About margot

What is margot data?

Margot data makes it super easy to create neat and tidy Pandas dataframes for time-series analysis.

Margot data aims to manage data collection, caching, cleaning, feature generation, management and persistence using a clean, declarative API. If you’ve ever used Django you’ll find this approach similar to the Django ORM.

Columns

The heart of any time-series dataframe is the original data. Margot can retrieve time-series data from external sources (currently AlphaVantage). To add a time- series from an original source, such as “closing_price” or “volume”, we declare a Column:

e.g. Let’s get closing_price and volume from AlphaVantage:

adjusted_close = av.Column(time_series='adjusted_close')
daily_volume = av.Column(time_series='volume')

Features

Columns are useful, but we usually want to derive new time-series from them, such as “log_returns” or “SMA20”. Margot does this for you; we’ve called these derived time-series, Features:

simple_returns = finance.SimpleReturns(column='adjusted_close')
log_returns = finance.LogReturns(column='adjusted_close')
sma20 = finance.SimpleMovingAverage(column='adjusted_close', window=20)

Features can be piled on top of one another. For example, to create a time-series of realised volatility based on log_returns with a lookback of 30 trading days, simply add the following feature:

real_vol = finance.RealisedVolatility(column='log_returns', window=30)

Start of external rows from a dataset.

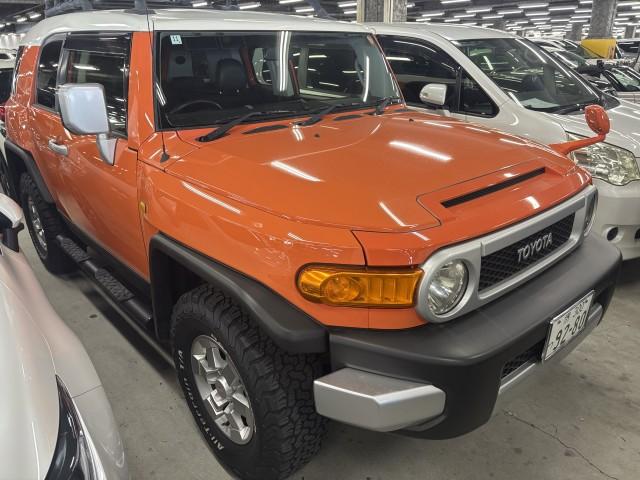 Ref:AUX-22740264 TOYOTA FJ CRUISER 2012 2 Ref:AUX-22740264 TOYOTA FJ CRUISER 2012 - Image 2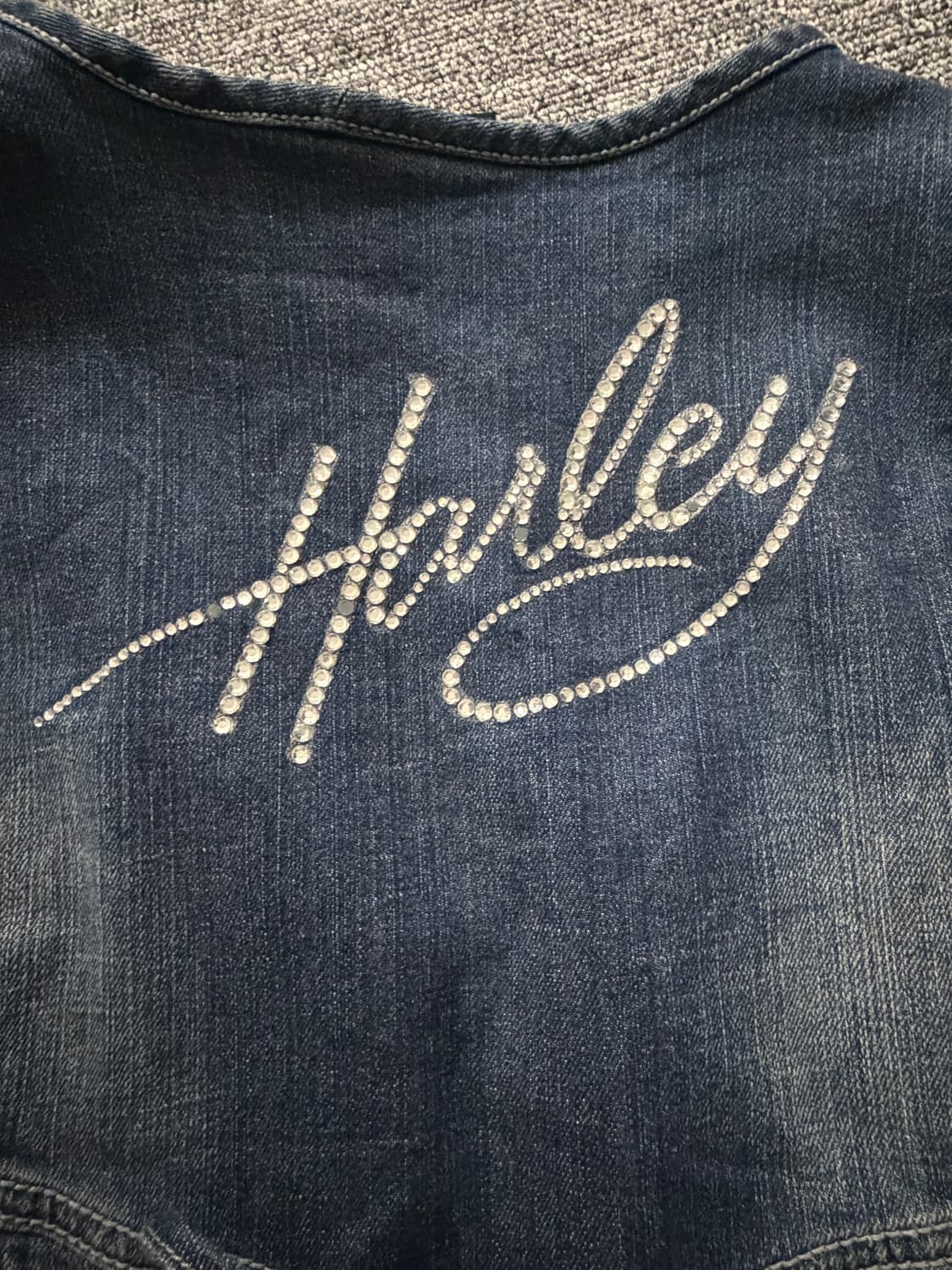 할리데이비슨 청 베스트 M 상품이미지6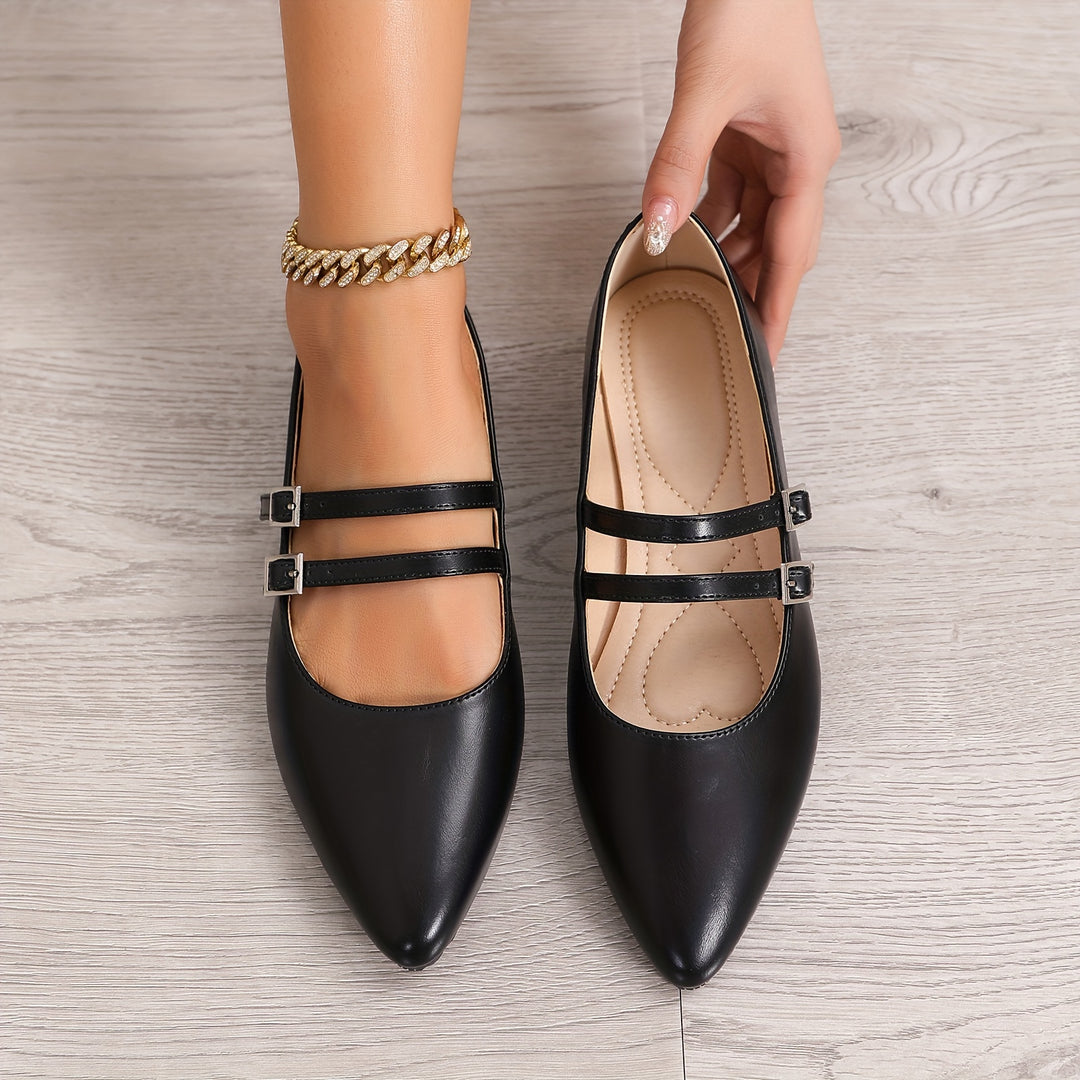Women Mary Jane Flats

Margot includes many common financial Features, and we’ll be adding more soon. It’s also very easy to add your own.

Symbols

Often, you want to make a dataframe combining a number of columns and features. Margot makes this very easy by providing the Symbol class e.g:

class MyEquity(Symbol):

    adjusted_close = av.Column(time_series='adjusted_close')
    log_returns = finance.LogReturns(column='adjusted_close')
    realised_vol = finance.RealisedVolatility(column='log_returns',
                                              window=30)
    upper_band = finance.UpperBollingerBand(column='adjusted_close',
                                            window=20,
                                            width=2.0)
    sma20 = finance.SimpleMovingAverage(column='adjusted_close',
                                        window=20)
    lower_band = finance.LowerBollingerBand(column='adjusted_close',
                                            window=20,
                                            width=2.0)

spy = MyEquity(symbol='SPY')

MargotDataFrames

You usually you want to look at more than one symbol. That’s where MargotDataFrames come in. MargotDataFrames combine multiple Symbols with dataframe-wide Features and Ratios.

For example:

class MyEnsemble(MargotDataFrame):
    spy = MyEquity(symbol='SPY', trading_calendar='NYSE')
    iwm = MyEquity(symbol='IWM', trading_calendar='NYSE')
    spy_iwm_ratio = Ratio(numerator=spy.adjusted_close,
                          denominator=iwm.adjusted_close,
                          label='spy_iwm_ratio')

my_df = MyEnsemble().to_pandas()

The above code creates a Pandas DataFrame of two equities, and an additional feature that calculates a time-series of the ratio of their respective adjusted close prices.

Margot aims to provide a simple framework for writing and backtesting trading signal generation algorithms using margot.data.

Results from margot’s trading algorithms can be analysed with pyfolio.

Getting Started

Install using pip:

pip install margot

Next you need to make sure you have a couple of important environment variables set:

export ALPHAVANTAGE_API_KEY=YOUR_API_KEY
export DATA_CACHE=PATH_TO_FOLDER_TO_STORE_HDF5_FILES

Once you’ve done that, try running the code in the [notebook](notebook.margot.data).

Status

This is still an early stage software project, and should not be used for live trading.

Documentation

in progress - for examples see the [notebook](notebook.margot.data).

Contributing

Feel free to make a pull request or chat about your idea first using [issues](https://github.com/atkinson/margot/issues).

Dependencies are kept to a minimum. Generally if there’s a way to do something in the standard library (or numpy / Pandas), let’s do it that way rather than add another library.